Shandi Pierce is fierce and spunky and independent and really really funny too. She’s a single mother, moving with her 3 year old son from her mother’s house in a small town to Atlanta, where she’s going to live in her father’s condo so that her son can attend a better preschool while she finishes her college degree. They stop at a Circle K and suddenly Shandi finds herself staring down the barrel of a shotgun. Her son is several feet away from her. When a blond, muscular man steps between the gun and her son, Shandi finds herself falling in love.
This isn’t exactly her love story, though. See the title.

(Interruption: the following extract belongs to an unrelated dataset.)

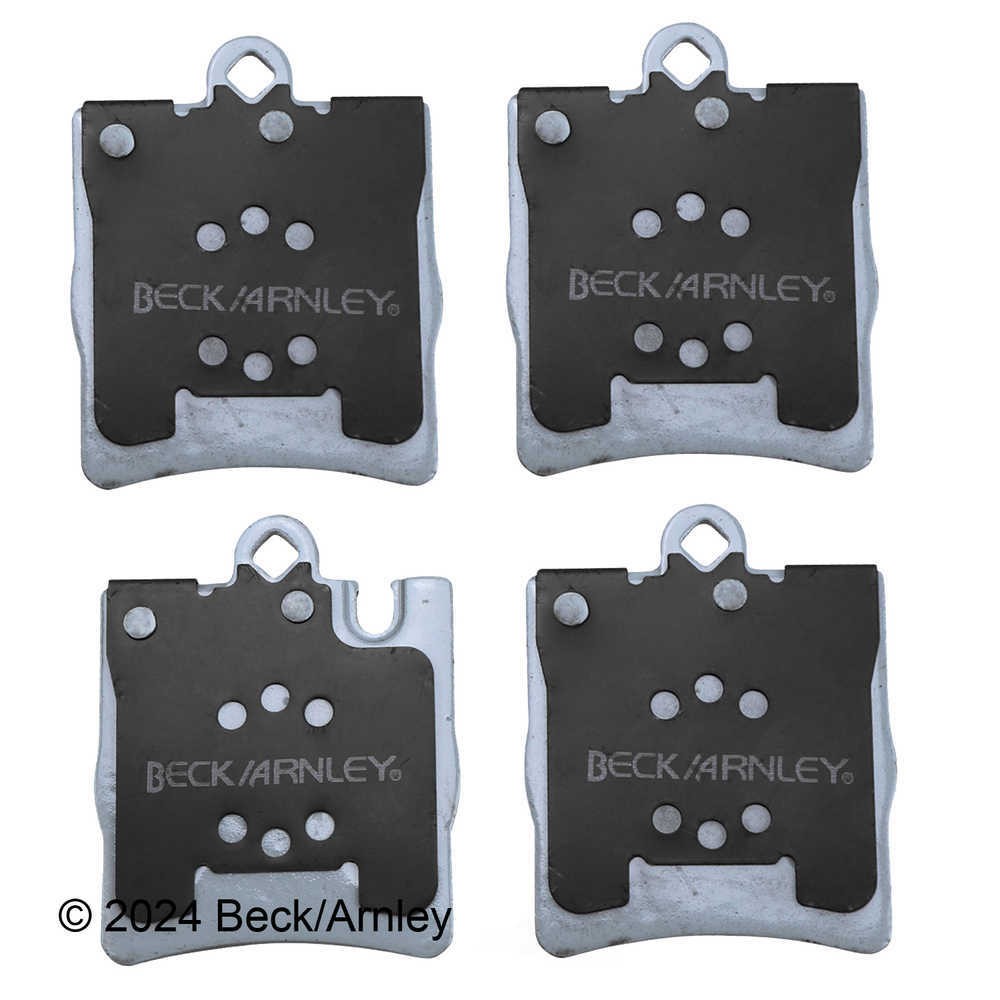 Rr Prem Brake Pads  Beck/Arnley  085-1629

William, the man who steps between her son and a gun barrel, and Shandi are two unlikely characters. He’s autistic (and the fact that it took me half the book to put a label on that is testament to author Joshilyn Jackson’s sheer writing ability) and a geneticist, dealing with the one-year anniversary of a fatal accident involving his wife and 2 year old daughter which he understands as an act of physics. She’s a single mother who was technically a virgin when her son was born, and her way of dealing with his conception involves a lot of denial and mental gymnastics. The two couldn’t be less alike, and yet they provide something for each other that allows them to move forward. Each of them has a close friend that provides them emotional grounding; Paula for William and Walcott for Shandi. The story is told in alternating voices, Shandi in first person and William in 3rd, and the different styles tell a tale in themselves. Shandi is fiercely funny and not easily vulnerable; William is matter-of-fact and distant and even the 3rd person feels right for someone like this.
Someone Else’s Love Story is delightful. It’s really funny and has a light-hearted feel to it even as it tackles hard issues head-on; date rape and infidelity and religious divisions and the difference between showy seeming-miracles that aren’t real and small, heart changes that are. It’s poignant and heart-breaking at times, but manages to still be really funny–mostly through descriptions. This is a book that ends on a note of hope, of redemption, but neither of these things is cheapened by being given too easily–they cost people something.
I can’t recommend this novel highly enough. I came to really love and care about the characters. There are a couple of plot twists that I just didn’t see coming, but that were deeply satisfying. I didn’t want it to end. It’s just a really good story, well-written with people you love and feel protective of. This is definitely a book to keep and re-read.